Open democracy begins in the sixth grade in Hingham. For the first time, a sixth grader, representing the town’s young residents, voiced her opinion at Hingham’s town meeting on April 28.

The town was following up on an idea proposed in an award-winning essay written by Hingham resident Kate Criscitiello. The essay, which took second place in the MMA’s statewide Sixth Grade Essay Contest in January, argued that community leaders should let young people be heard at town meeting.

“The Declaration of Independence states that all citizens of America are created equal,” wrote Criscitiello. “Age is but a number, so kids aren’t that different from adults.” Her essay went on to say that listening to kids at town meeting would help in making good decisions.
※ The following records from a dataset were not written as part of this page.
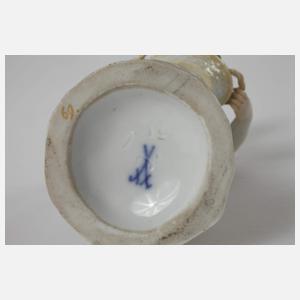 Meissen "Gärtnerkind mit Blumenkorb"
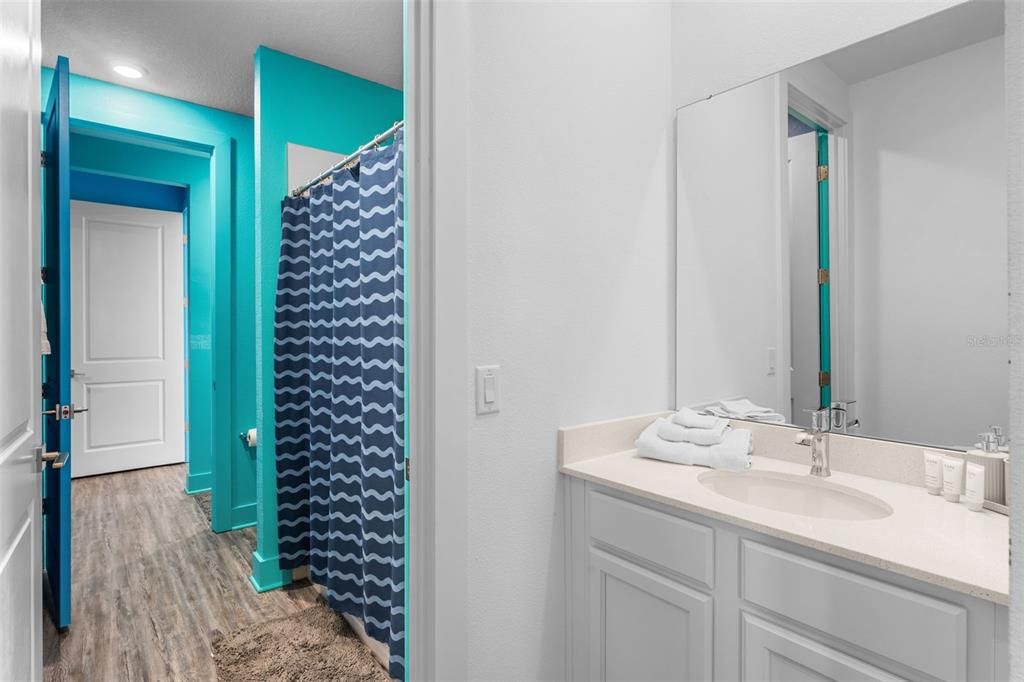 待售: $2,650,000 (9 贝兹, 10 浴室, 6300 平方英尺)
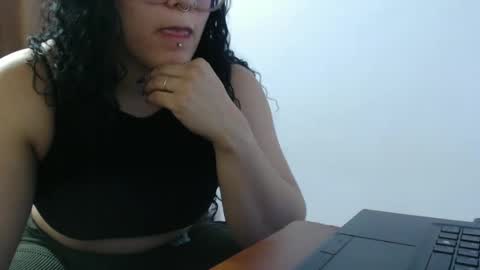 Hot and PowerHOPE U MISS ME online show from January 2025 01:49:01 AM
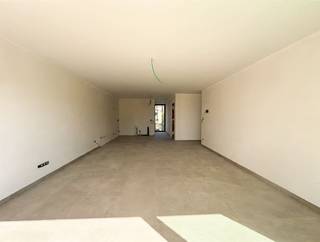 <p><span>Zeer ruim 1 (+1)-slaapkamerappartement (BEN) op de eerste verdieping met uitzonderlijk zuidgericht terras van ca. 43 m² en ondergrondse parkeerplaats, in hartje Maaseik.</span></p><p><span>Dit aangename appartement op de eerste verdieping van de kleinschalige residentie "</span><span>Aan de Gendermerie"</span><span> biedt een bijzonder mooie combinatie van ruimte, licht en hedendaags wooncomfort. Met een bewoonbare oppervlakte van ca. 75 m² en een indrukwekkend zuidgericht terras van maar liefst ca. 43 m², beschikt u hier over een uitzonderlijke buitenruimte die een echte verlenging vormt van de leefruimte. De grote raampartijen zorgen voor een aangename lichtinval en verbinden de leefruimte op een natuurlijke manier met het ruime terras. Daarnaast beschikt het appartement over een extra ruimte die flexibel kan worden ingericht als bureau, hobbyruimte, of logeerkamer. </span></p><p><span>De residentie telt slechts zes appartementen en wordt gerealiseerd volgens de hedendaagse BEN-normen, met onder meer een warmtepomp, zonnepanelen, vloerverwarming, ventilatiesysteem D en een uitstekende isolatie. De keuken en badkamer worden momenteel volledig afgewerkt en zijn inbegrepen in de aankoopprijs. Dit project komt in aanmerking voor het </span><span>verlaagde btw-tarief van 6% (onder voorwaarden). De oplevering van dit appartement is voorzien voor eind november 2026!</span></p><p><span> </span></p><p><span>Indeling appartement:</span></p><ul><li><span>Inkomhal met toegang tot alle vertrekken</span></li><li><span>Lichtrijke leefruimte voorzien van een open keuken en zithoek, met rechtstreekse toegang tot het royale zuidgerichte terras</span></li><li><span>Polyvalente ruimte achter de leefruimte, ideaal als bureel, hobbyruimte of logeerkamer</span></li><li><span>Nachthal met mogelijkheid tot het plaatsen van inbouwkasten</span></li><li><span>Ruime slaapkamer aan de achterzijde, eveneens met rechtstreekse toegang tot het terras</span></li><li><span>Badkamer voorzien van inloopdouche en wasmeubel met wastafel</span></li><li><span>Gastentoilet met fonteintje</span></li><li><span>Praktische berging met aansluitingen voor wasmachine en condensdroger</span></li><li><span>Zonnig en uitzonderlijk ruim zuidgericht terras van ca. 43 m²</span></li></ul><p><span> </span></p><p><span>Alle troeven op een rij:</span><span><br /><br /></span></p><ul><li><span>Kleinschalige residentie met slechts 6 appartementen</span></li><li><span>BEN-woonproject (E-peil E20) met warmtepomp, zonnepanelen, vloerverwarming, ventilatiesysteem D en uitstekende isolatie</span></li><li><span>Uitzonderlijk groot zuidgericht terras van ca. 43 m²</span></li><li><span>Veel natuurlijke lichtinval dankzij de grote raampartijen</span></li><li><span>Zonwerend glas aan de zuidzijde, in combinatie met hoogwaardig aluminium schrijnwerk</span></li><li><span>Keuken en badkamer worden volledig afgewerkt en zijn inbegrepen in de aankoopprijs</span></li><li><span>Ondergrondse autostaanplaats inbegrepen, met voorziening voor het opladen van een elektrische wagen</span></li><li><span>Gemeenschappelijke fietsenstalling met individueel oplaadpunt</span></li><li><span>Rustige én centrale ligging, op wandelafstand van winkels, horeca, openbaar vervoer en recreatie</span></li><li><span>Gelegen in het hart van Maaseik, met alle dagelijkse voorzieningen binnen handbereik</span></li></ul><p><span> </span></p><p><span>Een bijzonder aangenaam appartement voor wie op zoek is naar ruimte, licht en hedendaags wooncomfort, met als absolute troef het uitzonderlijk ruime zuidgerichte terras.</span><span> De combinatie van de kleinschalige residentie, energiezuinige technieken, flexibele indeling en centrale ligging maakt dit een aantrekkelijke woonplek voor zowel een alleenstaande als een koppel.</span></p><p><span> </span></p>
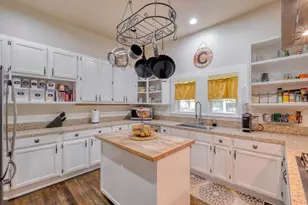 107 N Brazos St, Granger, TX 76530 - Photo 6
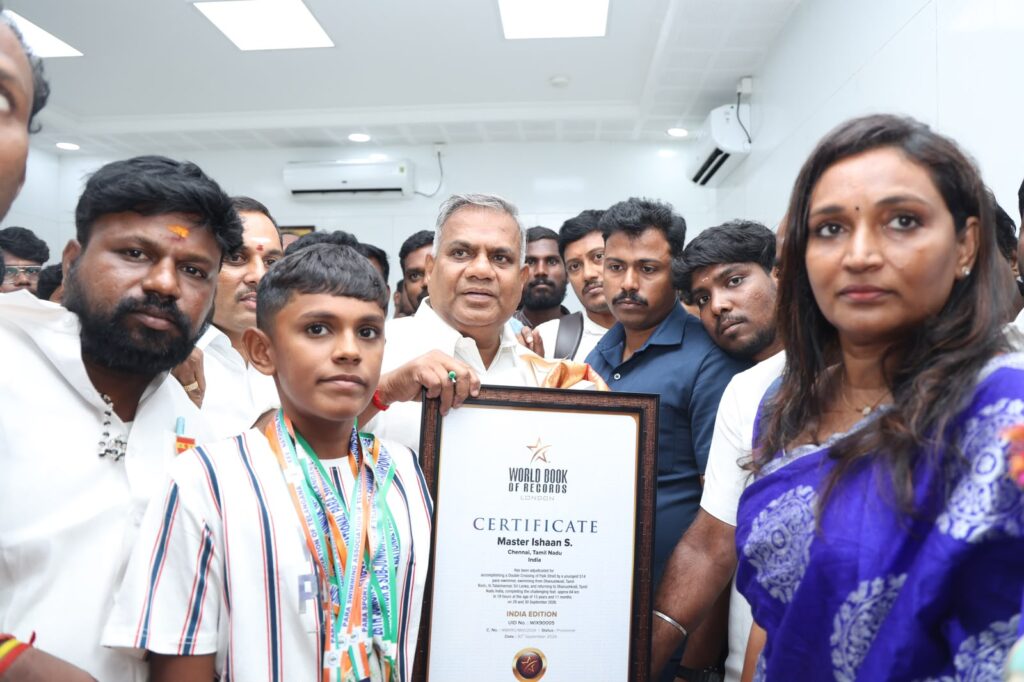 உலக சாதனை படைத்த இளம் மாற்றுத்திறனாளி நீச்சல் வீரர் இஷான்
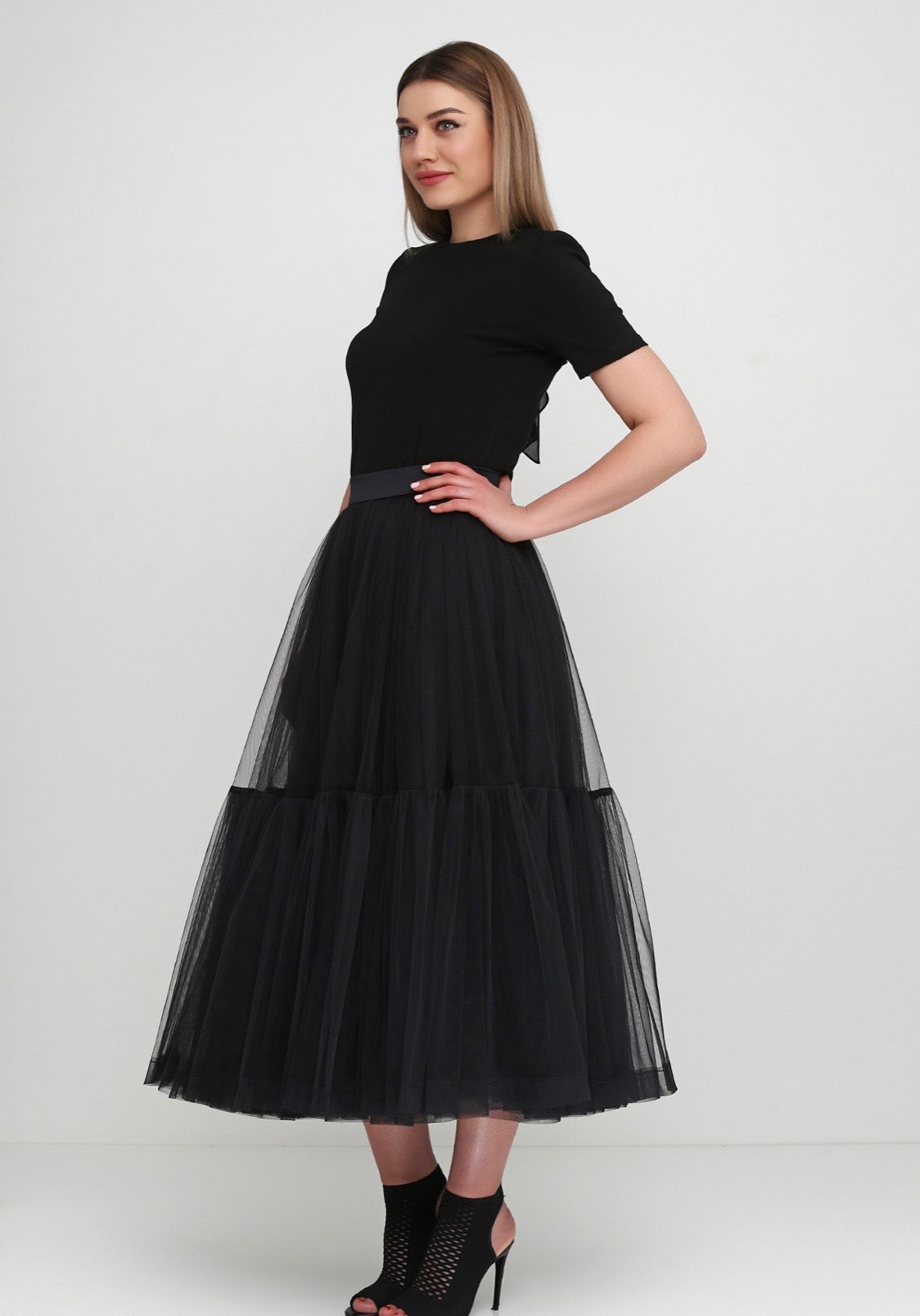 Magia tulle midi skirt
Inspired by the essay, the chair of the Board of Selectmen, Laura Burns, approached other town and school officials about implementing the idea.

“I remember feeling exactly the way Kate said she felt in her essay when I was her age,” Burns said. “And today I am the chair of the Board of Selectmen.

“Kids like Kate who step up to the plate and say I want to be heard, I want to participate, you need to pull them in because that is where your next generation of leaders are coming from.”

Burns mustered support from other selectmen, Town Moderator Tom O’Donnell, and the Hingham Advisory Board. Burns also coordinated with Hingham Middle School teachers June Gustafson and Lauren Ciocca.

“Town meeting is a special and fragile institution and I think extraordinary measures are going to be required to hook the new generation into it,” said Burns, who earlier in the year worked with Ciocca on seven mock town meetings involving Hingham seventh graders.

Students met after school for several weeks to work on the town meeting project. The students reviewed the warrant, discussed various articles, wrote talking points, investigated both sides of certain issues, and practiced their public speaking.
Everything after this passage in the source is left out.